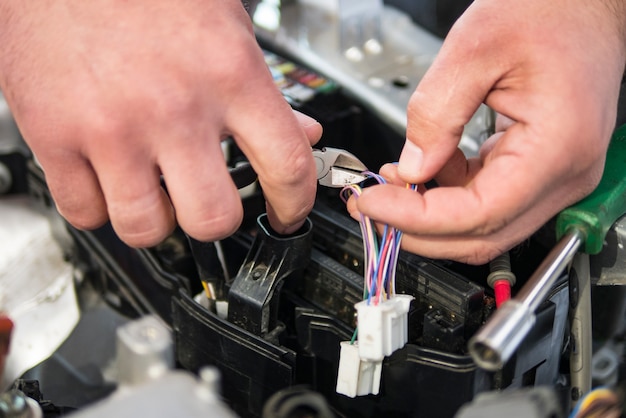 L&#39;elettricista dell&#39;automobile ripara l&#39;automobile, il tester e le micce e le pinze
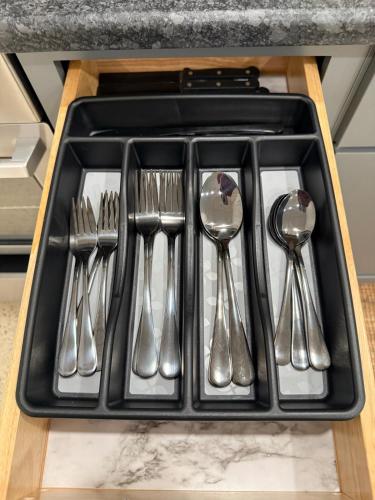 a tray of silver utensils in a drawer at Restful Remedy in Downtown & Historic Pilot Mountain Apartment in Pilot Mountain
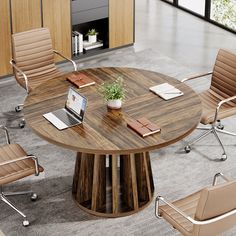 a round table with four chairs around it and a laptop on the desk in front of it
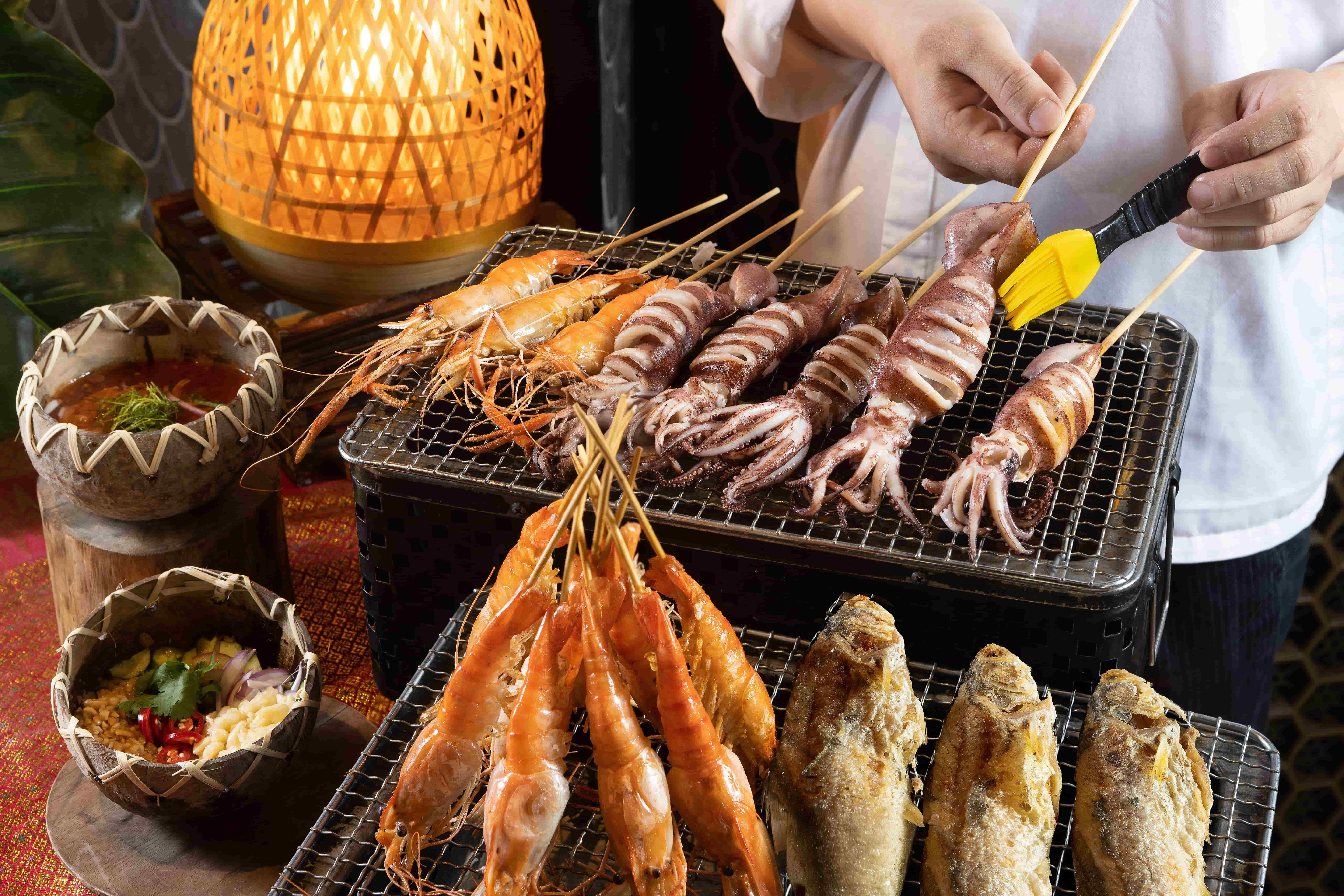 泰市場二周年歡慶活動中，吸睛菜色包含炭香四溢的「現烤海鮮檯」，匯集泰國蝦、魷魚與午仔魚等精選海味，經炭烤釋放細緻焦香，搭配石臼辣醬與花生香蒜汁更加襯托海鮮的鮮甜滋味。（圖/台北晶華提供）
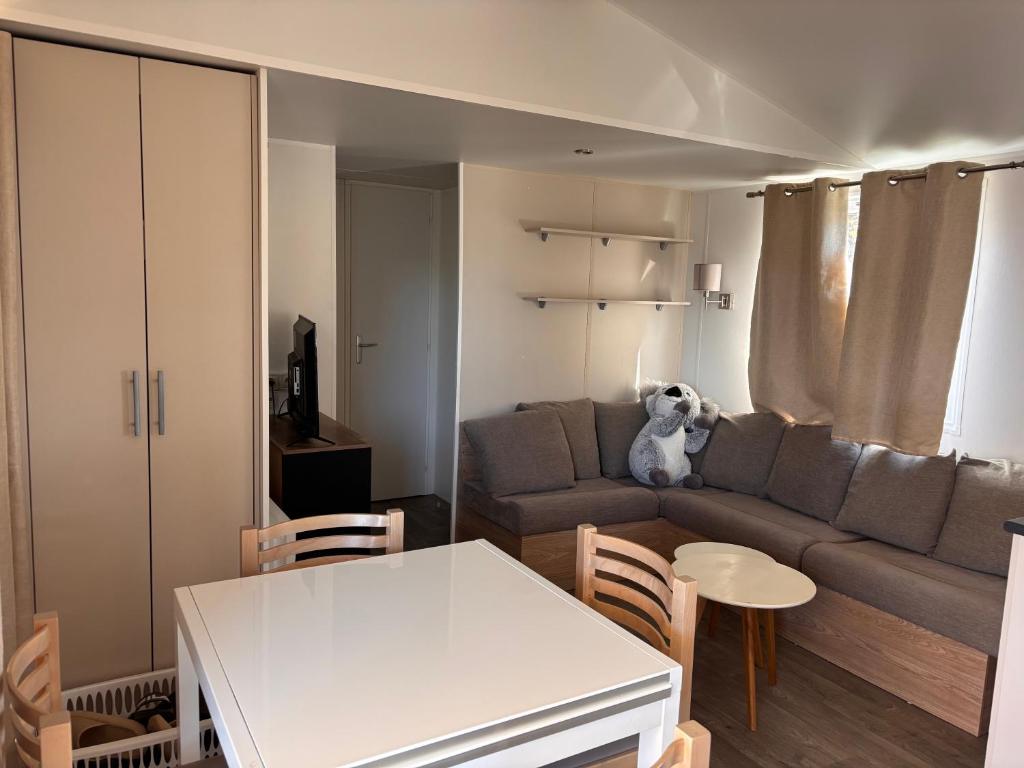 a living room with a couch and a table at Camping siblu in Lattes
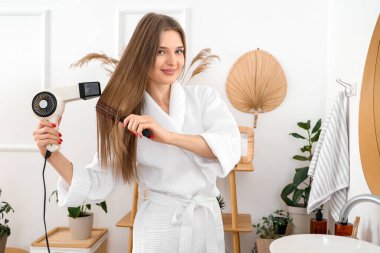 Güzel bir kadın banyoda saçlarını yuvarlak fırçayla kurutuyor.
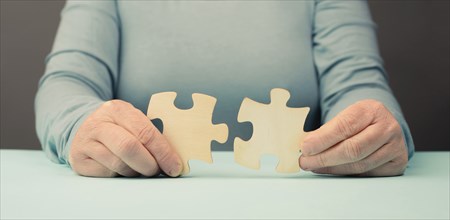 Holding two pieces of a puzzle in the hands, connecting together as a team, solving a problem,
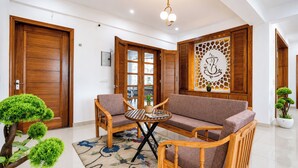 A room with a wooden door, a sofa, a small table, and a decorative wall piece. - Mist & Manor Petfriendly Apartments (Dilman)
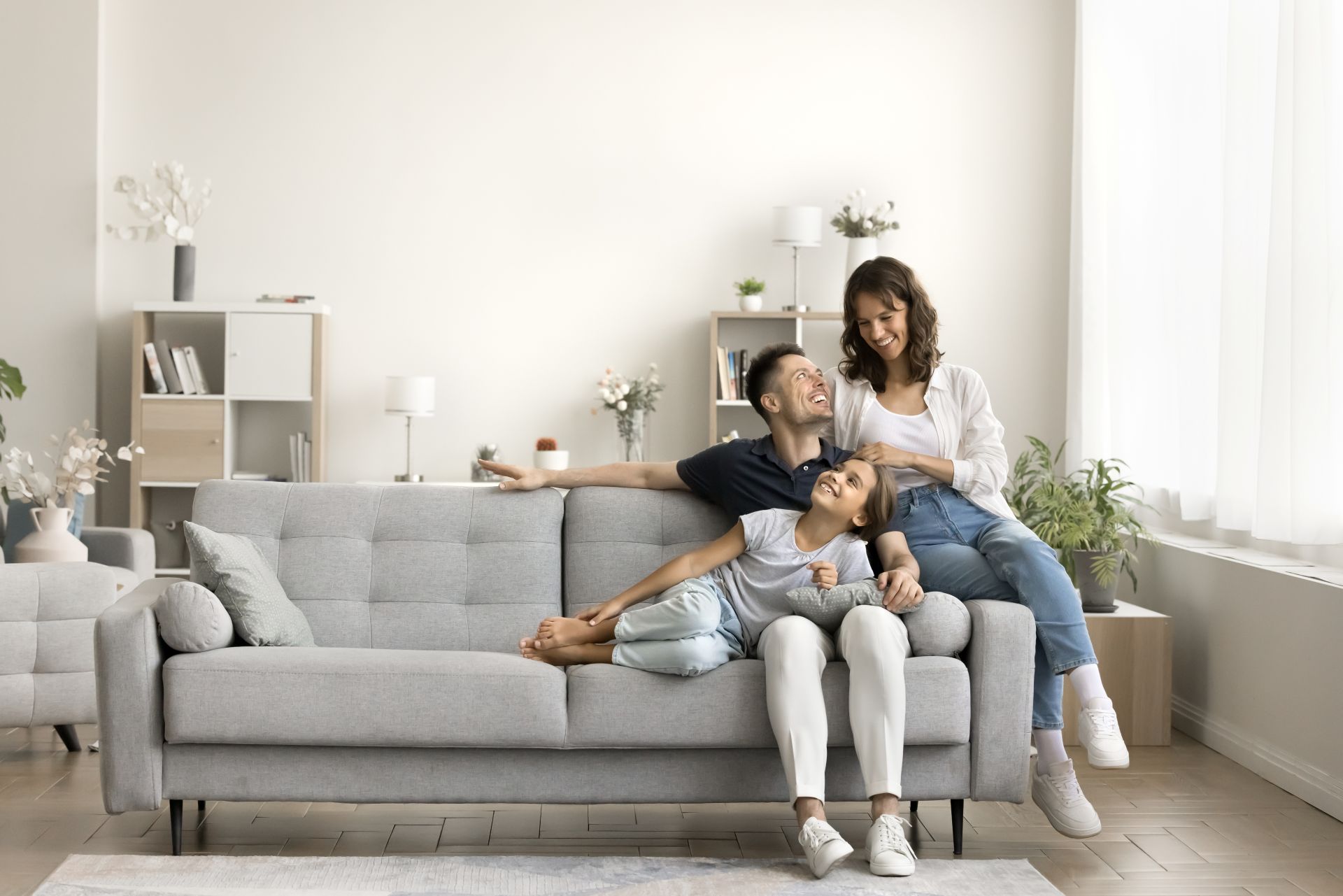 Happy couple of young parents and little daughter kid sitting and relaxing on sofa, resting on comfortable couch in modern cozy home interio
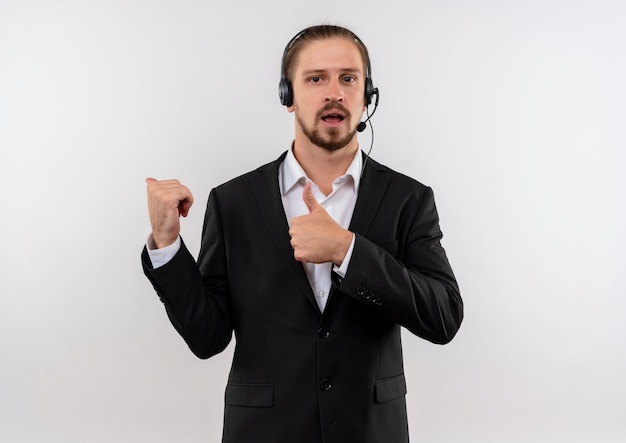 Apuesto hombre de negocios en traje y auriculares con un micrófono mirando a la cámara positiva y feliz apuntando con los dedos hacia el lado de pie sobre fondo blanco.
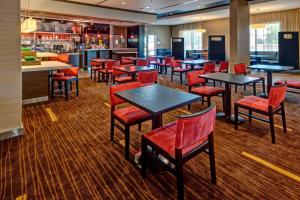 a restaurant with tables and red chairs and a bar at Courtyard by Marriott Westbury Long Island in Westbury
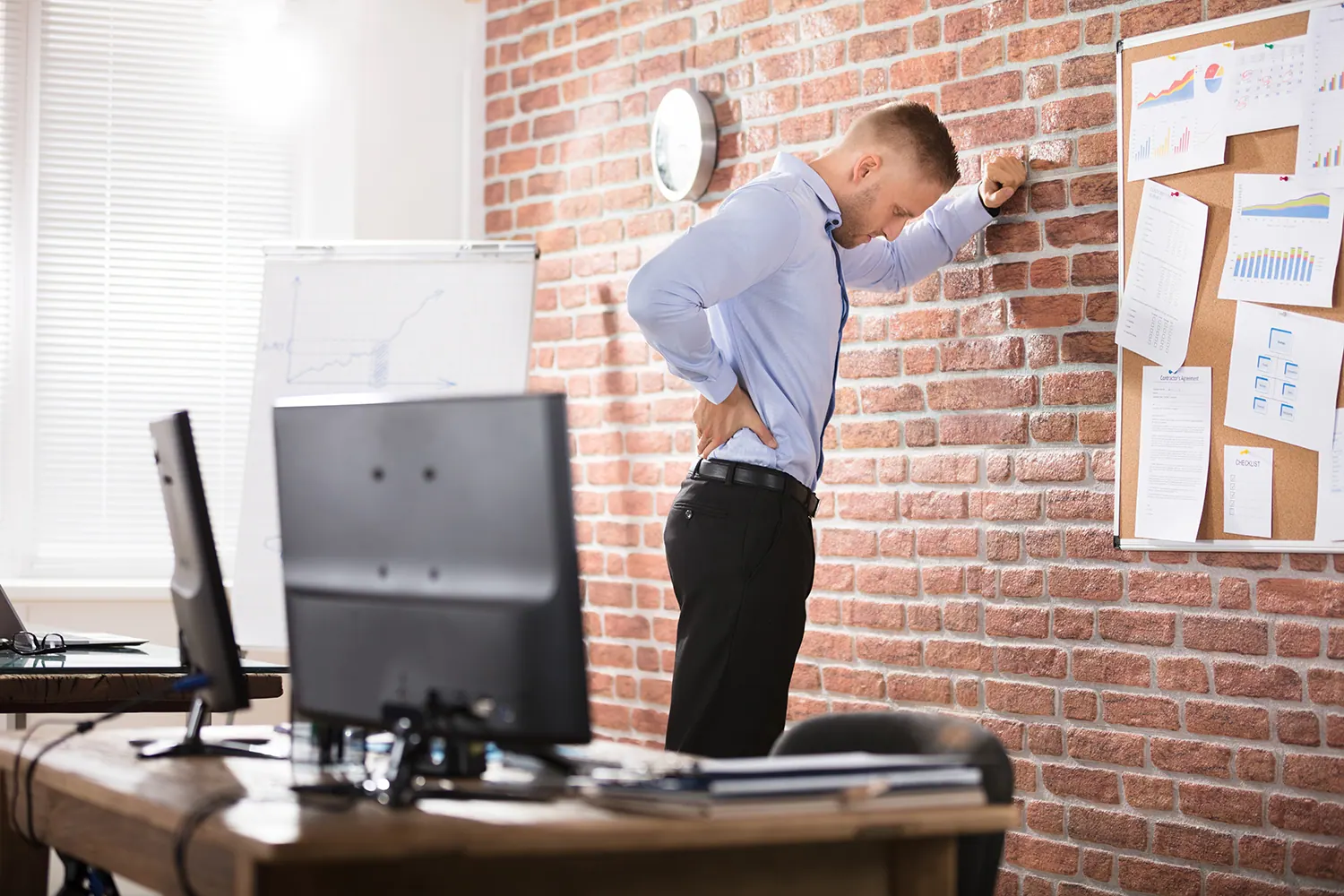 Man in an office holding his lower back while leaning on a brick wall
________
What to do
Write out the records above exactly as they appear, leaving out any pictures.

Solution for this problem
 L&#39;elettricista dell&#39;automobile ripara l&#39;automobile, il tester e le micce e le pinze
 a tray of silver utensils in a drawer at Restful Remedy in Downtown & Historic Pilot Mountain Apartment in Pilot Mountain
 a round table with four chairs around it and a laptop on the desk in front of it
 泰市場二周年歡慶活動中，吸睛菜色包含炭香四溢的「現烤海鮮檯」，匯集泰國蝦、魷魚與午仔魚等精選海味，經炭烤釋放細緻焦香，搭配石臼辣醬與花生香蒜汁更加襯托海鮮的鮮甜滋味。（圖/台北晶華提供）
 a living room with a couch and a table at Camping siblu in Lattes
 Güzel bir kadın banyoda saçlarını yuvarlak fırçayla kurutuyor.
 Holding two pieces of a puzzle in the hands, connecting together as a team, solving a problem,
 A room with a wooden door, a sofa, a small table, and a decorative wall piece. - Mist & Manor Petfriendly Apartments (Dilman)
 Happy couple of young parents and little daughter kid sitting and relaxing on sofa, resting on comfortable couch in modern cozy home interio
 Apuesto hombre de negocios en traje y auriculares con un micrófono mirando a la cámara positiva y feliz apuntando con los dedos hacia el lado de pie sobre fondo blanco.
 a restaurant with tables and red chairs and a bar at Courtyard by Marriott Westbury Long Island in Westbury
 Man in an office holding his lower back while leaning on a brick wall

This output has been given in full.